I propose, with your permission, to focus on the youth, a subject which has fascinated me since my own youth and continues to engage my attention as a senior citizen. I propose to involve all of you in my own introspection and to provoke you to reflect on the question: Is India poised to reap the benefits of a demographic dividend or are we confronted with a ticking and toxic time bomb.

 

Thinking of India in 2020, the most striking feature will be all of you, our young population. The average age of our India today is 25.4 years.
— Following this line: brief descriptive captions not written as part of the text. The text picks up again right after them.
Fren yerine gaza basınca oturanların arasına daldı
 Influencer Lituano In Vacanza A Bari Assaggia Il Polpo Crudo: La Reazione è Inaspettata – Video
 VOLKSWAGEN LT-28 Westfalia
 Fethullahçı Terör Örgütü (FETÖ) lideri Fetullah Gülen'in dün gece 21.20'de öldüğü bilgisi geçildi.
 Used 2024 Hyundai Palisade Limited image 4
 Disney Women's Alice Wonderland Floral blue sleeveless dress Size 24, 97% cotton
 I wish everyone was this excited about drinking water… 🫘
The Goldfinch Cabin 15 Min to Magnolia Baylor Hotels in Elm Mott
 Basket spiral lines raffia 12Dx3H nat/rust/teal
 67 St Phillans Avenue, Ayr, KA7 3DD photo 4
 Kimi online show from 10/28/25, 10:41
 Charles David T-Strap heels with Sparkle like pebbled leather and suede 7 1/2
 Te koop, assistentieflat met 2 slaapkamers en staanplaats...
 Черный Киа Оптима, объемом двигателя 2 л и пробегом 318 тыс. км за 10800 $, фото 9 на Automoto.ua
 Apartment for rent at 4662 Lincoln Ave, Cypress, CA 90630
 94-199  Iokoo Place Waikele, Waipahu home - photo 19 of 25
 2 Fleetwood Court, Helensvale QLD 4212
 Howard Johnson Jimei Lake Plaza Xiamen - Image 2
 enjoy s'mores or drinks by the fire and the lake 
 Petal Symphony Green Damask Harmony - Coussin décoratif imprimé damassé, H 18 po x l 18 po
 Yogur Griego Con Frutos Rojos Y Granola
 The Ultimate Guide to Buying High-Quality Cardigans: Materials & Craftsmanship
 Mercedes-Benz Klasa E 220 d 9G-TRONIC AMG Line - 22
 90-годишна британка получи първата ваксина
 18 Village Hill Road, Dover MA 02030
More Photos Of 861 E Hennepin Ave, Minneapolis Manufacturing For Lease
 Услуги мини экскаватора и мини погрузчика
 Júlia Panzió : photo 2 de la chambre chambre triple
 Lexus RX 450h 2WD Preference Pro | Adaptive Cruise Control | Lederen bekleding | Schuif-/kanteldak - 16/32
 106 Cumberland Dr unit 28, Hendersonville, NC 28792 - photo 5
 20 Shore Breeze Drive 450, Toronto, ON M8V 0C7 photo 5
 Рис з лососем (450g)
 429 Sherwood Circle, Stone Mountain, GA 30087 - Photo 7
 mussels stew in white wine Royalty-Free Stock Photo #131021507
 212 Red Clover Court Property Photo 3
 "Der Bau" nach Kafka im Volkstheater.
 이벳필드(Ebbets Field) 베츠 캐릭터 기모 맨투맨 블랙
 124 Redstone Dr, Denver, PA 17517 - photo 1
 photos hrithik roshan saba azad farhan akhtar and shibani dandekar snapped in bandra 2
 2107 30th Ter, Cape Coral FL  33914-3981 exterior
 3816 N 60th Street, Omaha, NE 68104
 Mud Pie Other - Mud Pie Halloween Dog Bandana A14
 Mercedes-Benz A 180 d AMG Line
By 2020, India is set to become the world’s youngest nation with 64 per cent of its population in the working age group of 18-60 years. India will also become the largest English-speaking nation in the world, overtaking the United States.

 

This appears ironical to a senior citizen like me. In 1974, when I joined the Indian Foreign Service, we were witnessing and being subjected to coercive methods of population control. Population was then considered our biggest bane. Malthusian theories about population were still in vogue. And now today, wherever I travel around the world, India is viewed with appreciation due to what is described as our so-called ‘demographic dividend!’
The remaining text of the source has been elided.